AbstractThe Millennium Tower is a 58-story reinforced concrete building that was constructed in San Francisco, California, between 2005 and 2009. The Tower is founded on an embedded pile-supported mat with pile tips bearing in dense marine deposits that overlie an overconsolidated marine clay layer known locally as Old Bay clay. This clay layer experienced stress increases from Tower self-weight and from multiple episodes of dewatering between 2006 and 2018 at the Tower site and neighboring sites, including one that was sustained for 6 years. Settlements of the Tower foundation have been measured since 2006, and lateral deflections of the Tower have been inferred and measured since 2009. The data show that during multiple episodes of “loading” (from stress increase or dewatering), settlements initially accelerated and then gradually slowed over time, as expected from consolidation principles. Similarly, lateral deflections (from foundation tilt) (1) accelerated following foundation construction activities at adjacent sites (dewatering and excavation); and (2) oriented toward adjacent excavations, which at various times occurred to the project south, north, east, and west of the Tower site.
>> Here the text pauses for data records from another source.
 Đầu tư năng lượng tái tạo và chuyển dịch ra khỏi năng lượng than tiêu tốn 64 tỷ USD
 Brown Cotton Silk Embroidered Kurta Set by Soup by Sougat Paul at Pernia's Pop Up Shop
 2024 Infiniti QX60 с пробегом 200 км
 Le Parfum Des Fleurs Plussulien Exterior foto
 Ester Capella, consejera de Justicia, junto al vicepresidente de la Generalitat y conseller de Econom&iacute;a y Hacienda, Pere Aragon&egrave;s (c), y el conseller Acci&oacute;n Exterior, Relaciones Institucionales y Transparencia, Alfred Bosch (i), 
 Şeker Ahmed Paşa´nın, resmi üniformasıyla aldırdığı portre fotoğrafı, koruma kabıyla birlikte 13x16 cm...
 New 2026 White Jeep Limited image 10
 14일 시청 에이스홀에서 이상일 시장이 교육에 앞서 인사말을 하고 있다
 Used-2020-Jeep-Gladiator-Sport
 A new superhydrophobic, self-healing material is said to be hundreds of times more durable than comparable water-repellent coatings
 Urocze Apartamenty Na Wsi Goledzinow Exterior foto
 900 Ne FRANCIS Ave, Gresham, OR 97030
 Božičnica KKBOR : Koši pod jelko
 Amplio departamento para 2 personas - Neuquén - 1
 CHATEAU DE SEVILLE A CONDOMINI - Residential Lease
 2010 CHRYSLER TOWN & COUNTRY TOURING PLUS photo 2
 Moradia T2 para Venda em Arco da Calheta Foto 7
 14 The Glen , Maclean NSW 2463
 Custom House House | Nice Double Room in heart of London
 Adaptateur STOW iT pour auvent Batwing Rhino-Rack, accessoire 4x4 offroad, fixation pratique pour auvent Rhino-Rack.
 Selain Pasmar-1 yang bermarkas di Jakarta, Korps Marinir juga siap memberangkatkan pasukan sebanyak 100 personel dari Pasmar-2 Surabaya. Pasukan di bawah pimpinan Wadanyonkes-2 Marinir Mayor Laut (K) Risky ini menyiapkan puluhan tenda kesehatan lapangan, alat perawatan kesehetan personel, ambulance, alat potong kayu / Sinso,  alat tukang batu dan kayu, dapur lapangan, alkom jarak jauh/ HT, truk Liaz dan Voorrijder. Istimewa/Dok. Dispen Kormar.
An objective of this paper is to describe this case history, including the geotechnical site conditions and results of a monitoring program that tracked foundation settlements, Tower tilt, groundwater levels at the Tower site, and ground inclinations over time. We also evaluate soil deformation mechanisms that likely produced the movements. We find that settlement amounts and time variations are well captured by one-dimensional and three-dimensional analyses of volume change in Old Bay clay and other foundation soils from primary consolidation and secondary compression, provided that time variations of stress increase and groundwater level are accounted for. Three-dimensional analyses also capture time variations of lateral deflections, which were caused by volume change and shear deformations in foundation soils, the latter having been affected by unloading from adjacent excavations.